People will notice that confidence in servers if they haven’t been back since February, Brumm said. The menu is simple and solid and the restaurant staff knows guests will enjoy what they recommend.
One example of simplification is the sides to go with steak. The new menu has many old favorites and many "composed" entrees, but it also has à la carte options allowing diners to choose their steak and choose their sides.
"Butcher’s has always had great steak, but there needs to be creativity and liveliness to the food," Brumm said.
Another change is seafood. No more frozen stuff.
After working in Florida for several years, Brumm knows the power of fresh salmon, halibut and tuna. He’s noticed that people in the Mountain West are wary of seafood because they couldn’t get it fresh. With jets and airplanes, those days are gone, he said.
Brumm came here directly from Nashville where he owned his own restaurant. He said resort towns like Park City have a "tighter grouping of better restaurants" than large cities like Nashville. He believes it’s for two reasons. The first is that it takes amazing quality to get the locals out and stay open 12 months of the year.
The second is that tourists who travel the world know good food and expect it on their vacations.
"You can’t fake it," he said.
That’s why his kitchen makes everything from scratch: desserts, sauces, even stock.
O’Brien said he’s especially impressed with the "southern flair" Brumm brings with him from Tennessee.
"That allows us to continue doing what we do best, but update things a little bit. Especially in this economy, you need a little change, but nothing too drastic," O’Brien said.
Pleasing locals is important to Butcher’s, O’Brien said.
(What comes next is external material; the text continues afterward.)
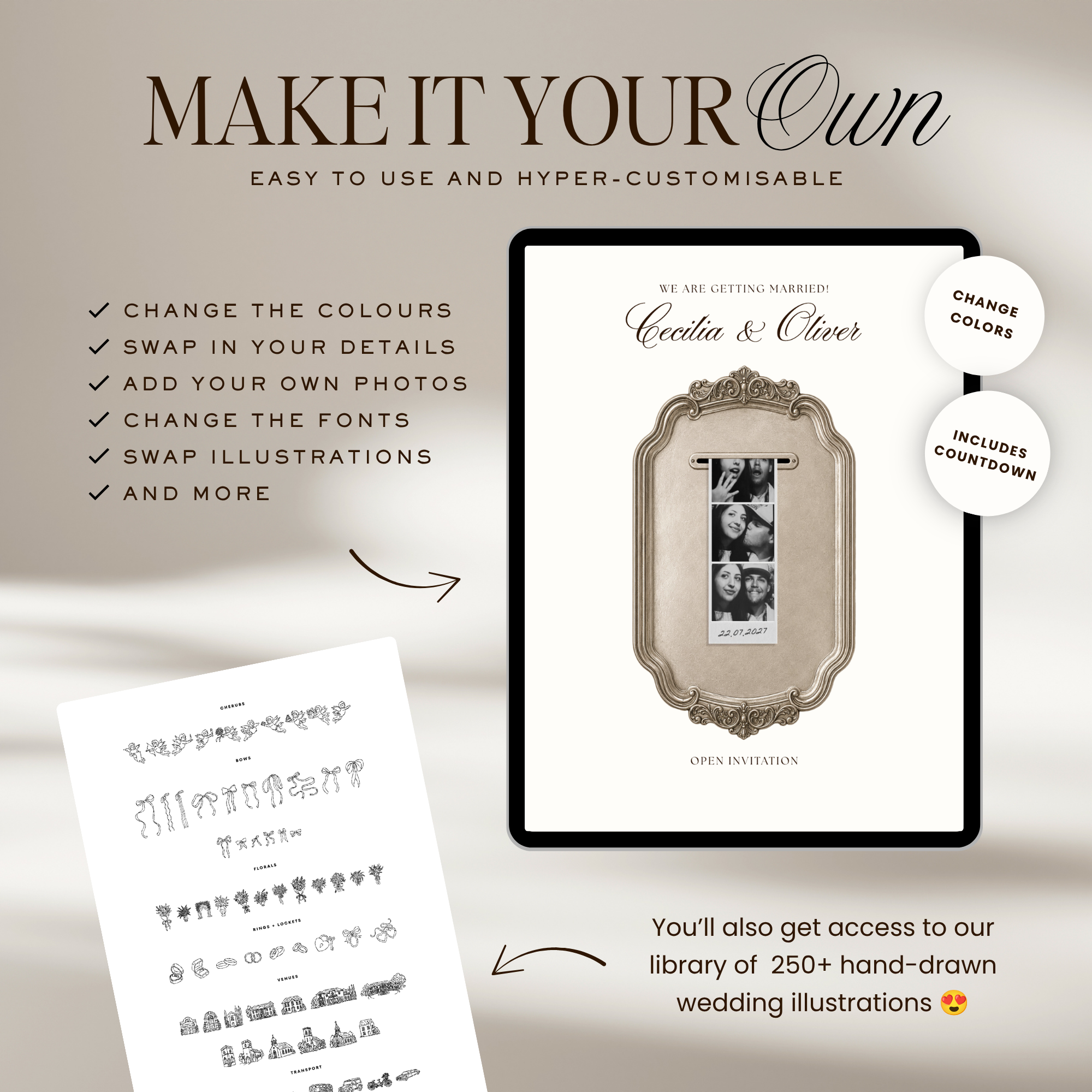 Save The Date Wedding Website Template (Photo Booth Animation 01 - Ivory)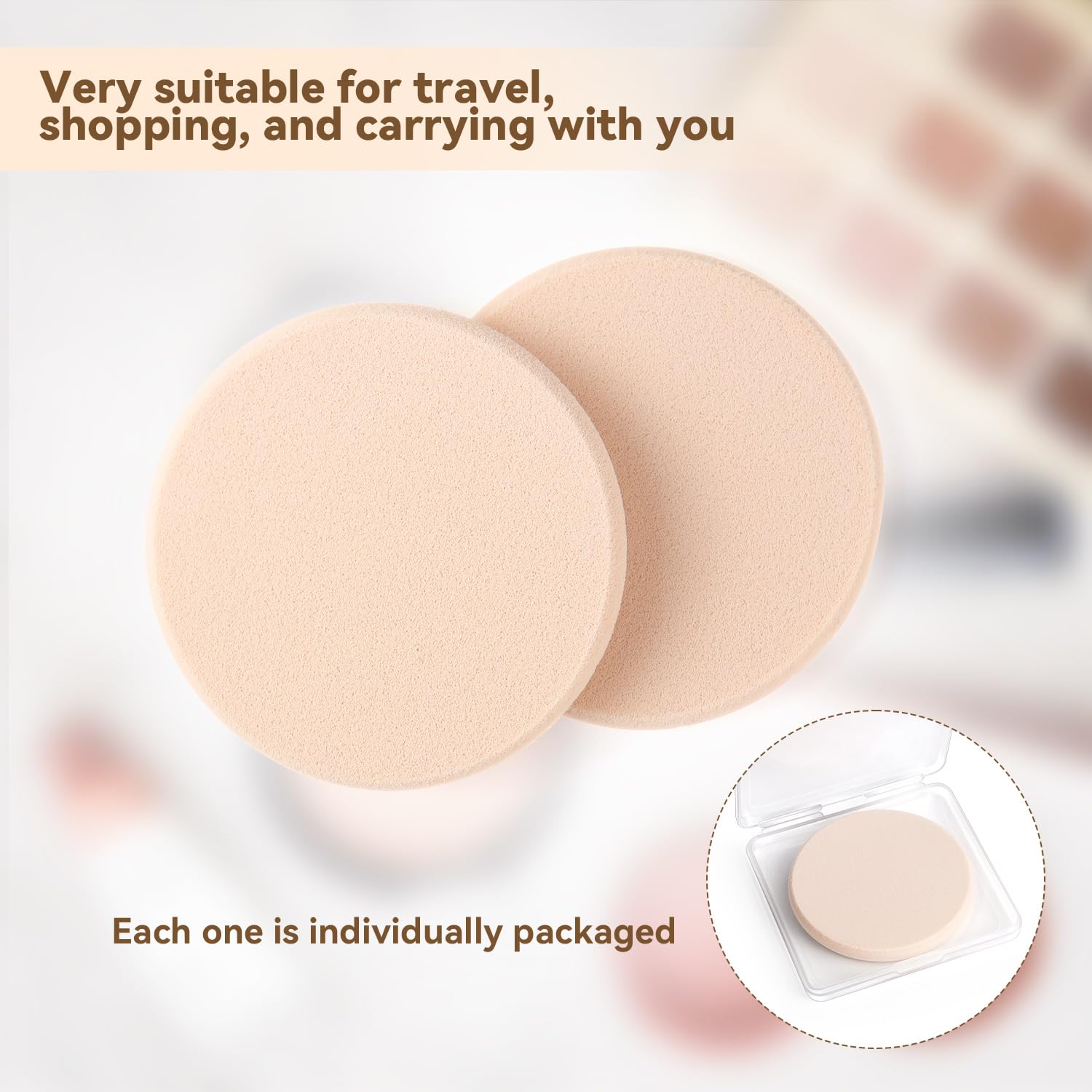2 Pcs Makeup Sponges with Travel Case, Facial Primer Compact Powder Puff, Cosmetics Blush Applicators Sponges for All Skin Types Wet and Dry Dual Use (Round)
That’s part of the reason they made such a major change half-way through the ski season.
Chris McKenbry eats at Butcher’s two or three times a month. He said he loves steak and was really disappointed by the menu changes made by the previous chef. He still hasn’t seen the return of some of his favorites such as the prime rib dip sandwich.
McKenbry said he’s noticed the return of popular items over the past few months and is glad for the effort being made.